The NHS is under massive stress, both financially and in terms of staffing. Making it cheaper and/or more efficient would absolutely be a good idea IF it could be done without making it drastically worse in other aspects. Stabilizing the NHS has been one of the longstanding campaign issues of the Labour party; significant setbacks in this regard would further erode public trust in them. And god knows they can't afford to screw up any further.
That being said, I don't see how using Palantir does all that much for this goal. Won't solve the big bulk of the shortage of physicians or nurses, and will only marginally reduce waste. Giving them access to all this sensible data seems like a too steep price if you ask me.
Side note: universal healthcare is not the same as the British single payer system. You can also have universal healthcare and multiple competing public health funds. That's the system used, for example, by France, Germany, the Netherlands and many more.

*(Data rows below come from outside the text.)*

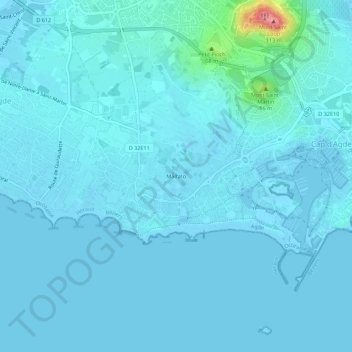 Mapa topográfico Malfato, altitude, relevo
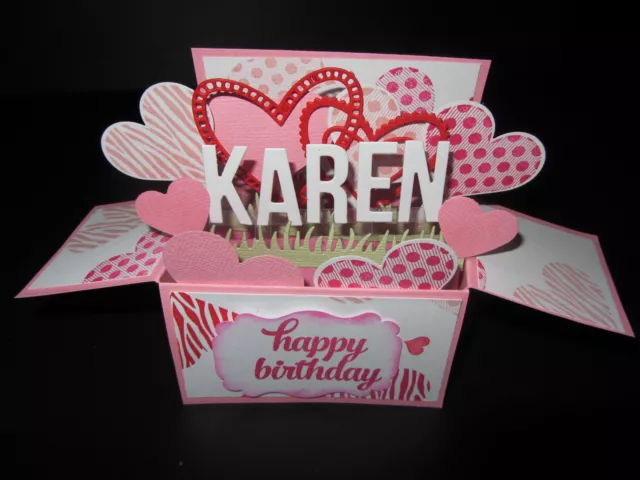 Handmade  3D Mother's Day/Birthday Card in a box -Linked Hearts, PERSONALISED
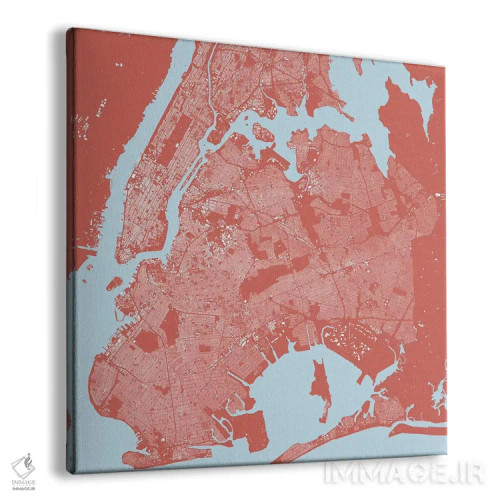 تابلو نقشه شهری نیویورک (صورتی) اثر اوربانمپ (نقشه شهری؛ استودیو نقشه یا طراح) - نمای پرسپکتیو محصول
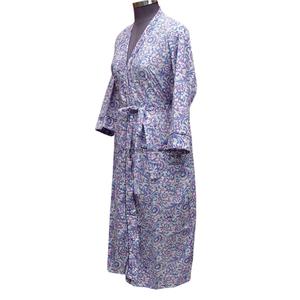 Bata de Verano y Otoño con Estampado Floral, 100% Algodón, 220g, Secado Rápido, Transpirable, Cuello en V, Cierre con Cinturón, Estilo Kimono, Casual para Mujer - Product Image 2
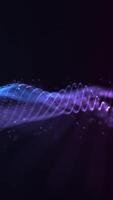 Vertical video - a gently undulating neon colored blue and pink digital fractal light wave with floating particles animation. This abstract technology concept motion background is HD and looping.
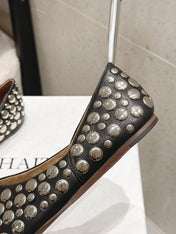 CELINE 26S FLAT SHOES IN BLACK CALFSKIN WITH METAL STUDS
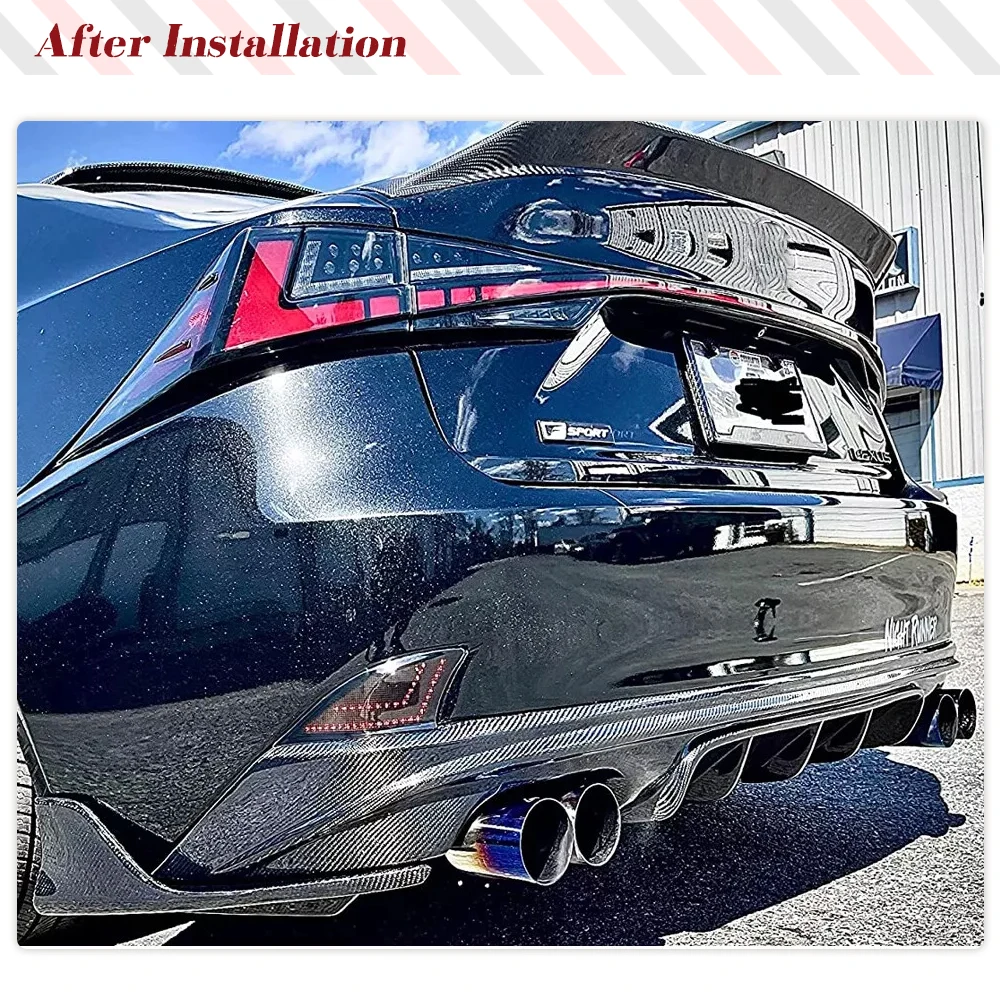 Carbon Fiber Rear Bumper Diffuser Lip Spoiler For Lexus IS F Sport Sedan IS250 IS300 IS350 2013-2016 FRP/Forged Carbon Diffuser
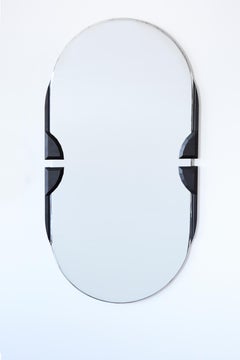 Handcrafted Aluminum & Blackened Oak Mirror by Mary Ratcliffe Studio
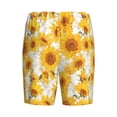 thumbnail image 2 of Lsque White Marble Pattern Sunflower Mens Sleep Pajama Shorts,Short Pajama Pants, Cotton Ultra-Soft Knit-3X-Large, 2 of 9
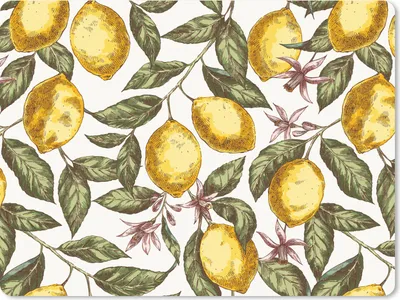 Produktbild von MuchoWow® Mauspad Mousepad Muster - Blumen - Zitrusfrüchte 40x30 cm - Mousepads - Maus Mat - Pad - Mausunterlage - Anti Rutsch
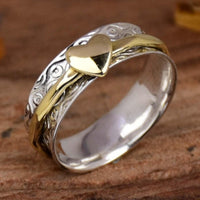 Bohemian Two Tone Heart Spinner Band Ring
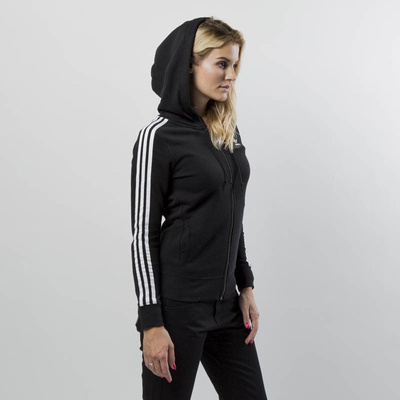 Adidas Originals women 3 Stripes Zip Hoodie black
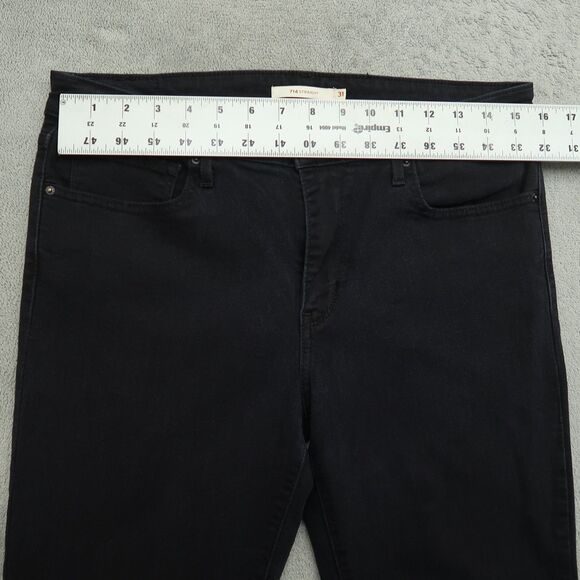 Levi's 714 Jeans Womens Size 31 Black Mid-Rise Straight Denim 30" Inseam Stretch - Picture 16 of 16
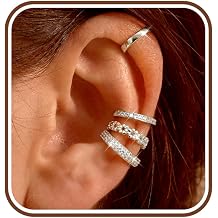 4 Pairs Ear Cuffs Non Piercing - 14K Gold Plated Ear Cuff Earrings for Women Trendy Ear Cuff for Non Pierced Ears Clip On Carrtilage Earring Lightweight Adjustable Fake Earrings Set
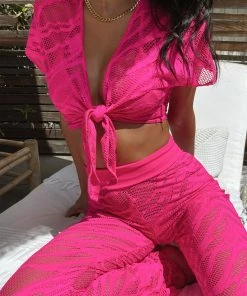 Beach Bunny Swimwear Cover Ups Miller Pant - Neon Pink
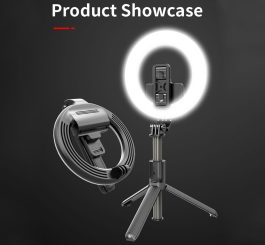 L07 5 Inch Ring Light Bluetooth Selfie Stick Portable LED Fill Light Mobile Phone Live Bracket black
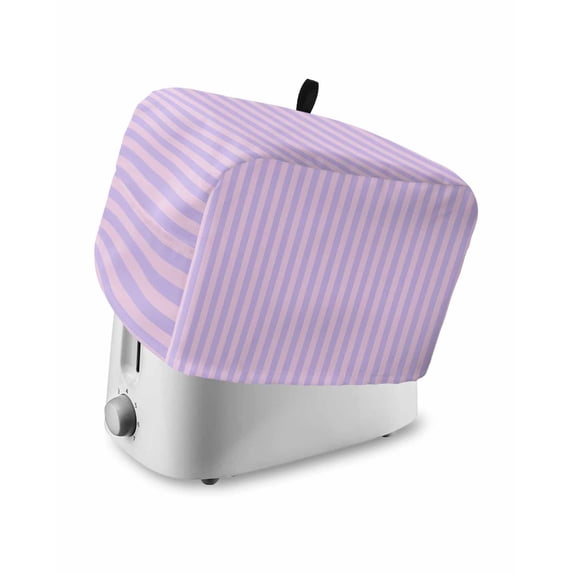 Purple Small Toaster Cover 2 Slice, Kitchen Appliance Covers, Geometric Vertical Striped Solid Rainbow Toaster Oven Cover with Loop, Bread Machine Cover Polyester Dust Cover Protection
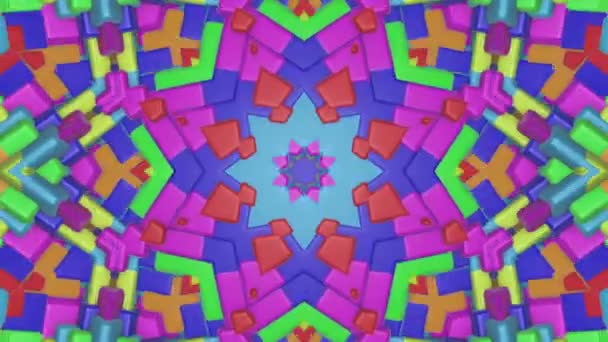 Multicolored Animated Pattern Abstract Kaleidoscope Background Render — Stock Video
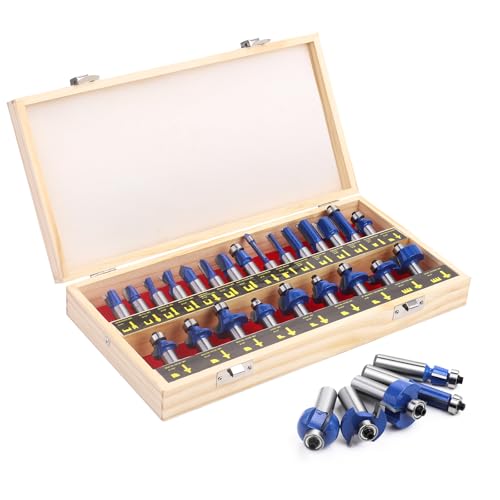 UTRUSTTO 1/2 Router Bit Set 24 Pieces 1/2 Inch Shank Tungsten Carbide Router Bits for Professional and Beginners Carpenter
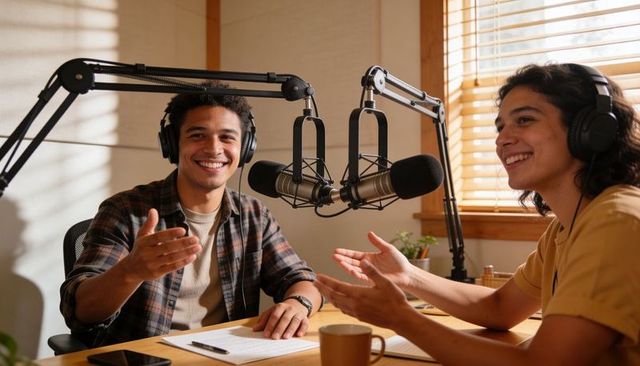 Co-hosts recording podcast in sunlit home studio with headphones and microphones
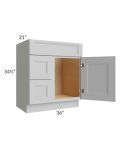 Tuscan Painted Grey 30" Vanity Sink and Drawer Combo (Drawers on Left)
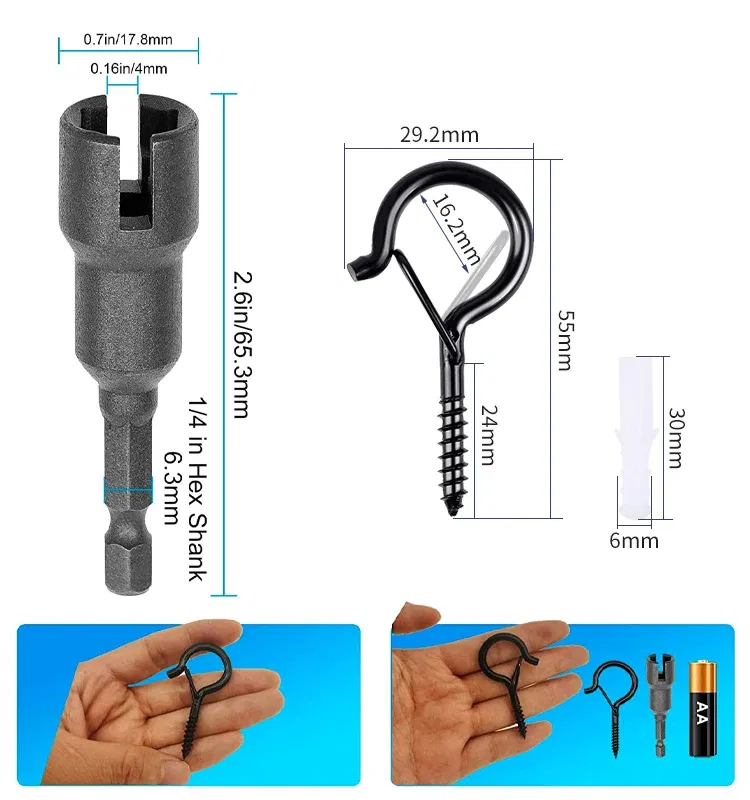 Color: Orange - 12/20PCS Q-Hanger Screw Black Hooks Ceiling Hooks with Safety Buckle for Plant and Christmas Outdoor String Lights Hooks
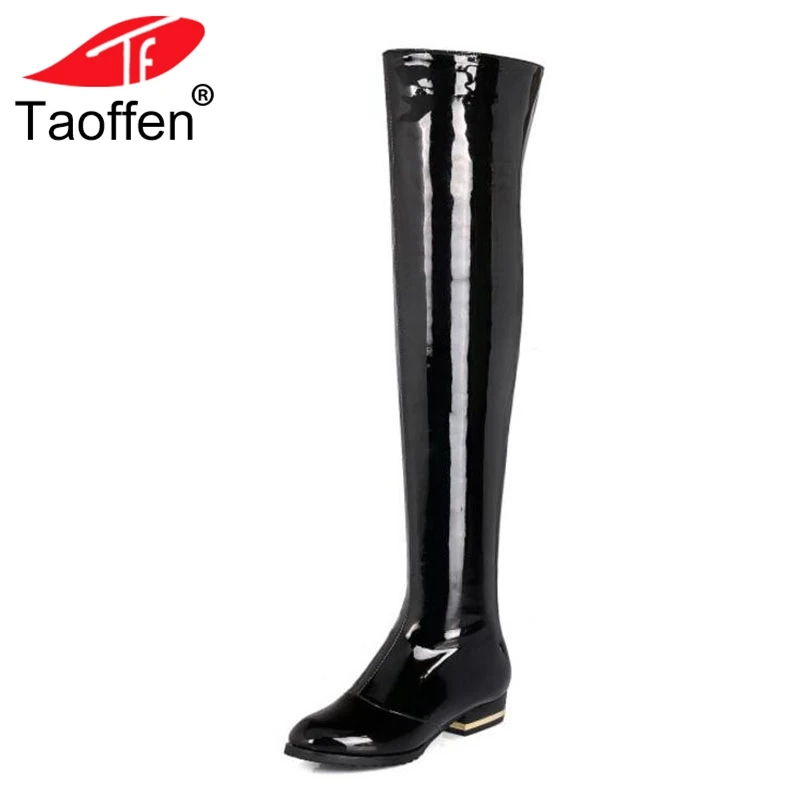 D'hiver Mode Cuir Long ivoire Chaussures Cuisse Fourrure 45 De Sexy Parti 31 En Haute Chaud Noir Taille Véritable Taoffen Femmes rouge Bottes wyN0m8vnO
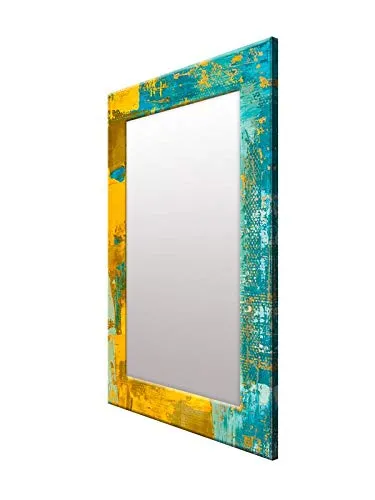 999STORE Printed Bathroom Mirror Decorative Mirrors Blue Yellow Abstract washroom Bathroom Mirror (MDF_14X20 Inches)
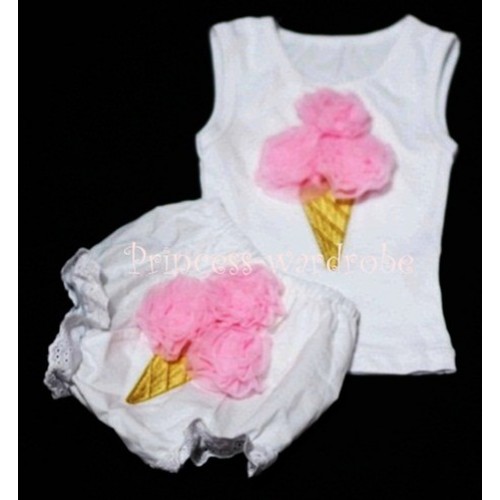 Light Pink Ice Cream Panties Bloomers with White Baby Pettitop with Light Pink Ice Cream BC30 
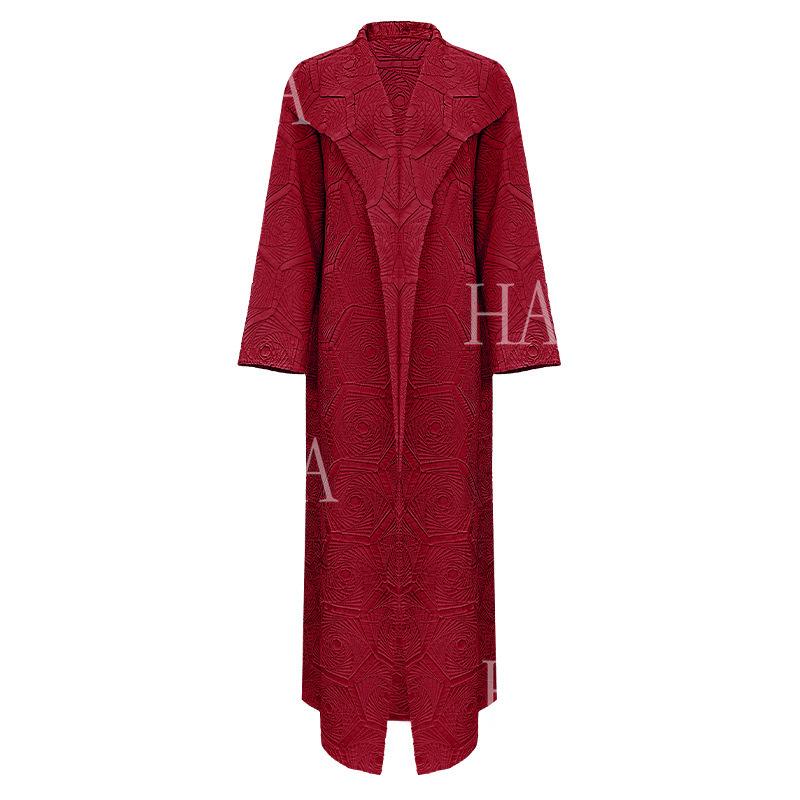 LM6592 Embroidered Pleated Cardigan Jacket - Large Size, Comfortable Mid-Length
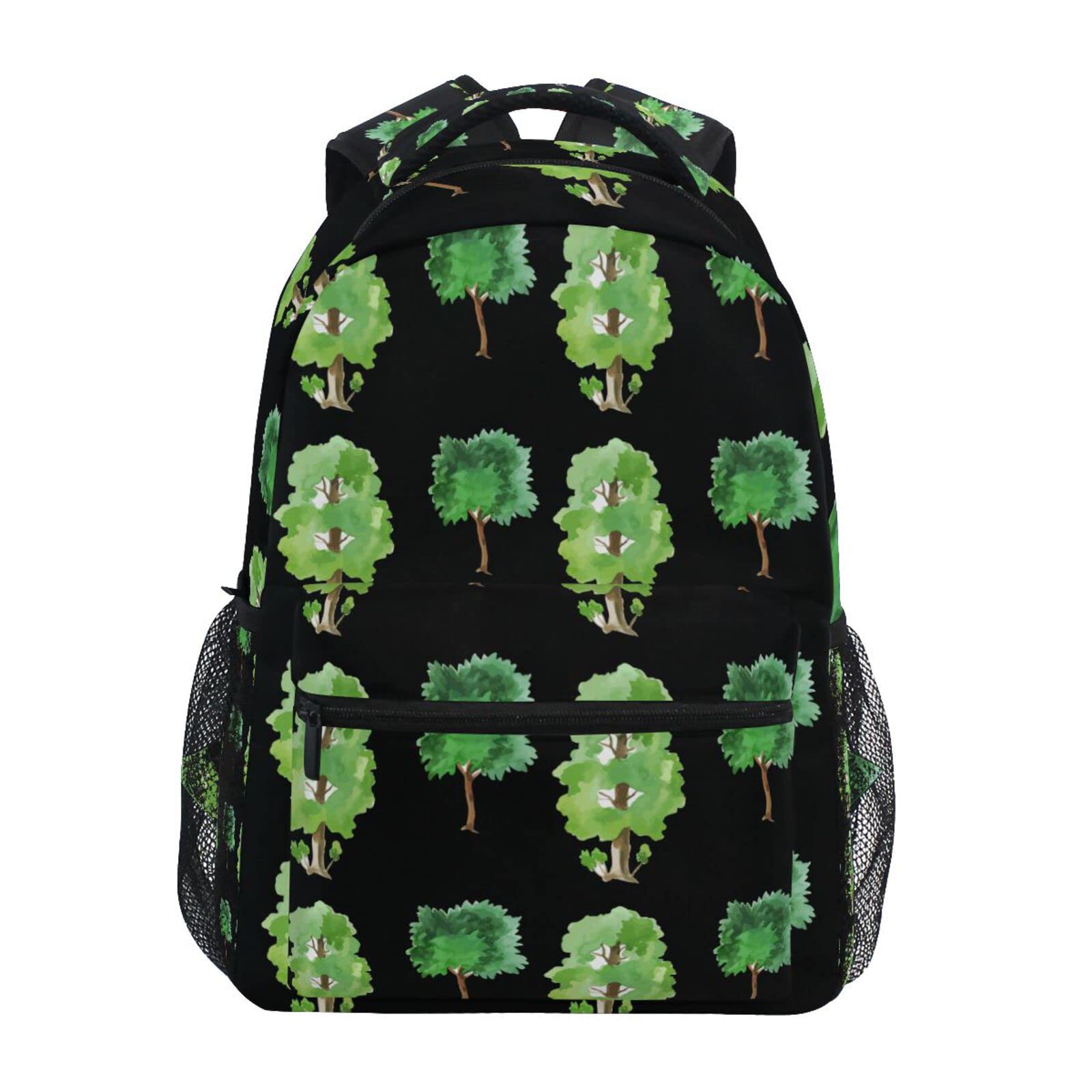 Acpiggto Watercolor Cartoon Backpack - Lightweight Daypack with Name Label for Gym, Sports & Travel - Green Tree Design Unisex Shoulder Bag for Men & Women - Perfect for School, Hiking & Casual Outings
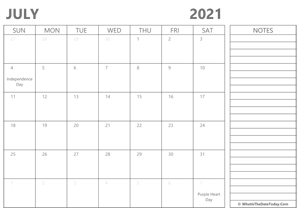 editable july 2021 calendar with holidays and notes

Just to add to this, as an example of the issues faced by the NHS, during the conservative rule they adopted a political scheme whereby many non-EU nurses working in the NHS on Tier 2 visas would have had to leave the UK after six years unless they earned at least £35,000 a year - a salary most nurses did not reach at the time. Critics described this as “kicking out” or “deporting” foreign nurses. its not a far stretch to say the conservative government was racist, or if not racist, carried out multiple shenanigans that a critic could argue, was racist.
stuff like this just made the NHS worse again.